[Listed entries Boundary: Start]

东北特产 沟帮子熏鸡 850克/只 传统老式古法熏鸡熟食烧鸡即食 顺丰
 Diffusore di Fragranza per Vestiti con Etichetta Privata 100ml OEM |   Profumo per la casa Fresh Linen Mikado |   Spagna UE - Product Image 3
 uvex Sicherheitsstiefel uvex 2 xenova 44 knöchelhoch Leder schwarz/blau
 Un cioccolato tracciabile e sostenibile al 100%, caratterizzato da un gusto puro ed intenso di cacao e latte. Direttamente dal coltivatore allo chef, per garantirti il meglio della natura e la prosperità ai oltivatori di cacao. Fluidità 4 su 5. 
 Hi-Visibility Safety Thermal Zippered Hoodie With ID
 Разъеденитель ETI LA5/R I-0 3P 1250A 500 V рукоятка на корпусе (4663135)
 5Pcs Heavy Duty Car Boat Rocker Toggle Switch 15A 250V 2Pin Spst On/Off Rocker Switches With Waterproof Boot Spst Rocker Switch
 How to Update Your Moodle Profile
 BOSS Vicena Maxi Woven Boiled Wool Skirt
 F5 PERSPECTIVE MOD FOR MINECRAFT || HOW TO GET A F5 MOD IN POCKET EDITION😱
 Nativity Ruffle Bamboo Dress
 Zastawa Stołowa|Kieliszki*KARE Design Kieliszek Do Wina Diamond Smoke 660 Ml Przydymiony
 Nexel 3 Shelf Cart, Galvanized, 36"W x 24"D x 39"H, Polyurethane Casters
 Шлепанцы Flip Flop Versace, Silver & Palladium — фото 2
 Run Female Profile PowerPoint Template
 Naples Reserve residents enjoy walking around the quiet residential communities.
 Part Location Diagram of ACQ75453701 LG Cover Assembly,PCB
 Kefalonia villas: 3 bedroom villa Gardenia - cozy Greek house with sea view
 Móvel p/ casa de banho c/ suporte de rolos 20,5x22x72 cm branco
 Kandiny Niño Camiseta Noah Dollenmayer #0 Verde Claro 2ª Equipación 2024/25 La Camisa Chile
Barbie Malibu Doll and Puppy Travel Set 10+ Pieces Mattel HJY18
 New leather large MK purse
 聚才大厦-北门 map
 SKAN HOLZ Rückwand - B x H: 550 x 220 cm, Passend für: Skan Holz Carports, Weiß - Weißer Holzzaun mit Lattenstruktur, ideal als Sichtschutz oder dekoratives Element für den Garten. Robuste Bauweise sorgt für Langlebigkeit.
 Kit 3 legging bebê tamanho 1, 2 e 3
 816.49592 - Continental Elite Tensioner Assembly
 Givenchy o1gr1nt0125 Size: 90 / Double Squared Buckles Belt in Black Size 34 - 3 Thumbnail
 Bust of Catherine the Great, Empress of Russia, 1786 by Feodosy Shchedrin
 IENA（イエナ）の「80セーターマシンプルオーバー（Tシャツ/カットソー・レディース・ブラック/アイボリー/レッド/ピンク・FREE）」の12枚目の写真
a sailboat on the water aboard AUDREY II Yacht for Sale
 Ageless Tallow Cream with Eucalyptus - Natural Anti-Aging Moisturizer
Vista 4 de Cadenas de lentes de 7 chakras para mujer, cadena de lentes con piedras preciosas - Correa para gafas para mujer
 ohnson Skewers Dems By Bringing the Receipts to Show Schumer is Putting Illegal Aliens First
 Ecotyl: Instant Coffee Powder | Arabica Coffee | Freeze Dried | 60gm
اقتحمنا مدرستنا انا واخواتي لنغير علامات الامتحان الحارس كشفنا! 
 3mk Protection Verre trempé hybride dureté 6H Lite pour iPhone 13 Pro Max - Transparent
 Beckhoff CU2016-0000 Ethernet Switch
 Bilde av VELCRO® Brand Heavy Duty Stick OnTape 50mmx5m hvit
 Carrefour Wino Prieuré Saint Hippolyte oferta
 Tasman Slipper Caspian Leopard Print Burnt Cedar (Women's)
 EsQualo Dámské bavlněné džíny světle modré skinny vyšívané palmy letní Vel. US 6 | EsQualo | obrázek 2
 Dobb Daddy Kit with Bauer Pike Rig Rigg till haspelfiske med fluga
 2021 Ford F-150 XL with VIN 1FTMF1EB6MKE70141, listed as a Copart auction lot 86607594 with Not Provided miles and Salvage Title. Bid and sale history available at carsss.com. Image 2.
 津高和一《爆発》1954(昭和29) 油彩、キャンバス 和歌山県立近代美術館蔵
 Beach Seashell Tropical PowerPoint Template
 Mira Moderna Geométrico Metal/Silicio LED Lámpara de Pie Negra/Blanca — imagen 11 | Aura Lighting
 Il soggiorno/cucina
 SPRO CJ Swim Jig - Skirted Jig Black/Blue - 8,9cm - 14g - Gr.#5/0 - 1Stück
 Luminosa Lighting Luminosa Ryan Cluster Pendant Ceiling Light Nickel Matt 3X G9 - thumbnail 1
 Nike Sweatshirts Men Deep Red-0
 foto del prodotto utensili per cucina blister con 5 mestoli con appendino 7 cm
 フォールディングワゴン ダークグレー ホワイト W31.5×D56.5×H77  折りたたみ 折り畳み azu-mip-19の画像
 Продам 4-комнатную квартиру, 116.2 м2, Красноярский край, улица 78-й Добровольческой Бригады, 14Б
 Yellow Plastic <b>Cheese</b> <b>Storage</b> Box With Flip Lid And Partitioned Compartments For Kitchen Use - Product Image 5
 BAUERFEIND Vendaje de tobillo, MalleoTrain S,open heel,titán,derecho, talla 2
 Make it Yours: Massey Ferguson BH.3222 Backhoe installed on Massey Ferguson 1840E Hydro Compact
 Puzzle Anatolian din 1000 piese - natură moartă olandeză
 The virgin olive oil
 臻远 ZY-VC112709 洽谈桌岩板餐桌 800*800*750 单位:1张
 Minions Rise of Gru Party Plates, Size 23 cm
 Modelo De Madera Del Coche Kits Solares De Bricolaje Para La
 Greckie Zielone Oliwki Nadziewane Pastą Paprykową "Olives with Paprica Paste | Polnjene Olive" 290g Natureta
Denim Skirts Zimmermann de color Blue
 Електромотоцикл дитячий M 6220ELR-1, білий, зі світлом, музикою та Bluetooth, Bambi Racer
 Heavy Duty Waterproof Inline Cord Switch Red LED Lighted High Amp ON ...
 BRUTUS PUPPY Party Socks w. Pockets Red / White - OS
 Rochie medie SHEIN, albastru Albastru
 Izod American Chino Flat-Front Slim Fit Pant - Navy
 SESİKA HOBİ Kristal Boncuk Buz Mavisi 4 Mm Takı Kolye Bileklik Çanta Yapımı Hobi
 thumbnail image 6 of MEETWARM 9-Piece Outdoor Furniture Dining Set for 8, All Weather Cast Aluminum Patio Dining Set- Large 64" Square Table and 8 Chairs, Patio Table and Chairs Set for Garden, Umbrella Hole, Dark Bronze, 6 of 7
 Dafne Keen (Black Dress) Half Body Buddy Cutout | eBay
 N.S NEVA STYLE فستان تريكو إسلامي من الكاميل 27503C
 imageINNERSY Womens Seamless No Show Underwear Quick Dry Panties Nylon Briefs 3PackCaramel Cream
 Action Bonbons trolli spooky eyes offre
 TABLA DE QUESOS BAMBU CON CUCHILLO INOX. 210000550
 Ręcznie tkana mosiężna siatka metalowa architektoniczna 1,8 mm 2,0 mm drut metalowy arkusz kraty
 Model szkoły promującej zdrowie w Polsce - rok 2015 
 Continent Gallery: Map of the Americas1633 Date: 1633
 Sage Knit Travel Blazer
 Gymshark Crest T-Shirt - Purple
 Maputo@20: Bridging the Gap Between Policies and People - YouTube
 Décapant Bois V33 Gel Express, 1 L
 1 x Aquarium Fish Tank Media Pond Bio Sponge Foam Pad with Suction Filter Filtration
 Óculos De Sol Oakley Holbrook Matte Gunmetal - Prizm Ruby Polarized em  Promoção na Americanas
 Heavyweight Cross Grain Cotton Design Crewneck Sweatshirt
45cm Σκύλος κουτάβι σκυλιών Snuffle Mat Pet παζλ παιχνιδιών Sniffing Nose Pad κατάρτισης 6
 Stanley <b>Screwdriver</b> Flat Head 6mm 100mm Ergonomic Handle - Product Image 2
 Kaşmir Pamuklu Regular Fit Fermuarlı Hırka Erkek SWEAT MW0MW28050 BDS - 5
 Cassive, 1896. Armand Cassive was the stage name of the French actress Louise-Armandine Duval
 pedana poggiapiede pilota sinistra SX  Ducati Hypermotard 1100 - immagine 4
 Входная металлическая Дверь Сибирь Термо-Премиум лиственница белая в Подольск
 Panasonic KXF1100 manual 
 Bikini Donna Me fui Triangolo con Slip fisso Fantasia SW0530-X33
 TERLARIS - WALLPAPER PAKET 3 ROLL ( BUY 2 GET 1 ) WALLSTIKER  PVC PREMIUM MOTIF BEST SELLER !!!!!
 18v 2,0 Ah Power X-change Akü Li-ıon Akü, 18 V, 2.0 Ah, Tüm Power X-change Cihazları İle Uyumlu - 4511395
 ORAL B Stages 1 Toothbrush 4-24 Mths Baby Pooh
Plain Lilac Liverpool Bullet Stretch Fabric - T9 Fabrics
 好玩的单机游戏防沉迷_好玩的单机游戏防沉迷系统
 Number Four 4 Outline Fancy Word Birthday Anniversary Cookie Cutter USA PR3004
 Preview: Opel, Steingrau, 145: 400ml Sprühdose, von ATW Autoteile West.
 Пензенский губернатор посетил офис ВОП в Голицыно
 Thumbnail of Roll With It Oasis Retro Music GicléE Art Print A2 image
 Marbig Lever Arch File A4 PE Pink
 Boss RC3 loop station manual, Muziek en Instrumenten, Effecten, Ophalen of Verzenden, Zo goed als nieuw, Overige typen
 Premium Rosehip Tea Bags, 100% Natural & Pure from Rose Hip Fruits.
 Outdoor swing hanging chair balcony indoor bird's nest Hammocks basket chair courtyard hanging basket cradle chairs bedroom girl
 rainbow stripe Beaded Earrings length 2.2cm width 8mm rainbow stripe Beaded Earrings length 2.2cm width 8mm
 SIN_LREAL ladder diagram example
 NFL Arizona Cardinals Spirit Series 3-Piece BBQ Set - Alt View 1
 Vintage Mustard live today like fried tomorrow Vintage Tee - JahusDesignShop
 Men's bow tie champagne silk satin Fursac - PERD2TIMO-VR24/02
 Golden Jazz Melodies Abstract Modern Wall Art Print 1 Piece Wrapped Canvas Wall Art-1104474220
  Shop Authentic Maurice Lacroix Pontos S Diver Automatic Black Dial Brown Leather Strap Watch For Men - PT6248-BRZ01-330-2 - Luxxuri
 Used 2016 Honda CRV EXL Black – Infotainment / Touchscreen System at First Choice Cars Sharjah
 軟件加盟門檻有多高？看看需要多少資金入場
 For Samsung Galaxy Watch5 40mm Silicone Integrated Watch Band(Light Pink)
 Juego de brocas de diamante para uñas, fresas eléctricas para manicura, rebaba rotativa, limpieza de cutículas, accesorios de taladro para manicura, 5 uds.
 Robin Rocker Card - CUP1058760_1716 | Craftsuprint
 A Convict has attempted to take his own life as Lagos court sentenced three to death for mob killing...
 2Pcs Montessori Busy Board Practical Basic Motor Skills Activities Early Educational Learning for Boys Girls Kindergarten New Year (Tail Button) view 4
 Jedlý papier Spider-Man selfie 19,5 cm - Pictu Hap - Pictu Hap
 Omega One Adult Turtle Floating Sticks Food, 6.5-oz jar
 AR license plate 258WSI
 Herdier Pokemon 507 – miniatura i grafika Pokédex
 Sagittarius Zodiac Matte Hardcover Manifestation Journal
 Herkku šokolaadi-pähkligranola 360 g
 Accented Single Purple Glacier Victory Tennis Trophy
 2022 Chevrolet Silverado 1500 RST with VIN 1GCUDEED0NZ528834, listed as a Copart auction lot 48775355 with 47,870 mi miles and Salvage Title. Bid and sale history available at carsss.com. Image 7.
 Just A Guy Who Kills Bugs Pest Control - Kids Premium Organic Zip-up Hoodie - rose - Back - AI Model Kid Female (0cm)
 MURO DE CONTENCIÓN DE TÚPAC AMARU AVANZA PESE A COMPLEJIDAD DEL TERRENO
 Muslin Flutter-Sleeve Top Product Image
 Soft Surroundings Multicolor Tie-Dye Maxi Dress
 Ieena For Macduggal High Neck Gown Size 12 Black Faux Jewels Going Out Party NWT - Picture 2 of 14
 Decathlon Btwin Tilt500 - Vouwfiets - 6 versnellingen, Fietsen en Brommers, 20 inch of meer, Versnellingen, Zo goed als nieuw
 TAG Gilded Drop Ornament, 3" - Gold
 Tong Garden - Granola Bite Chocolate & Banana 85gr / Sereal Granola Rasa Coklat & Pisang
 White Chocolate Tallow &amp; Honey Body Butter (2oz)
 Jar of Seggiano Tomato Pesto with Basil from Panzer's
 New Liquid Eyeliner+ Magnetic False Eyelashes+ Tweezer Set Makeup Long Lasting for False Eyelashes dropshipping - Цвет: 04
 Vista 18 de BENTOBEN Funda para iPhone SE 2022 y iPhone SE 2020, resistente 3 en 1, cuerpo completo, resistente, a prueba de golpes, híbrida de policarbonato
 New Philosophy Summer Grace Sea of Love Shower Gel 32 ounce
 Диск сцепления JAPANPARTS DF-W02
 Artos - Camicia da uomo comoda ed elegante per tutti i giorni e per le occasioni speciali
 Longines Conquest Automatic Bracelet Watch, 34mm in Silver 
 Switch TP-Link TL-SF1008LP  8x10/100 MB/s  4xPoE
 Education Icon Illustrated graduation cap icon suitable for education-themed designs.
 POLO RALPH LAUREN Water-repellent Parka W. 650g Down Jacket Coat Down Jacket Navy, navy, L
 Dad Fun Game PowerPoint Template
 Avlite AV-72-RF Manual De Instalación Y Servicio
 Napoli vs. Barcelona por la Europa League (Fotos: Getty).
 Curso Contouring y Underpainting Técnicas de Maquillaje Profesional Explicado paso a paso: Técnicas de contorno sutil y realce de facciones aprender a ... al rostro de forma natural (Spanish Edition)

[Listed entries Boundary: End]

Write down exactly the span of lines above from the one containing "Part Location Diagram" to the one containing "Móvel p/ casa", both ends included.

 Part Location Diagram of ACQ75453701 LG Cover Assembly,PCB
 Kefalonia villas: 3 bedroom villa Gardenia - cozy Greek house with sea view
 Móvel p/ casa de banho c/ suporte de rolos 20,5x22x72 cm branco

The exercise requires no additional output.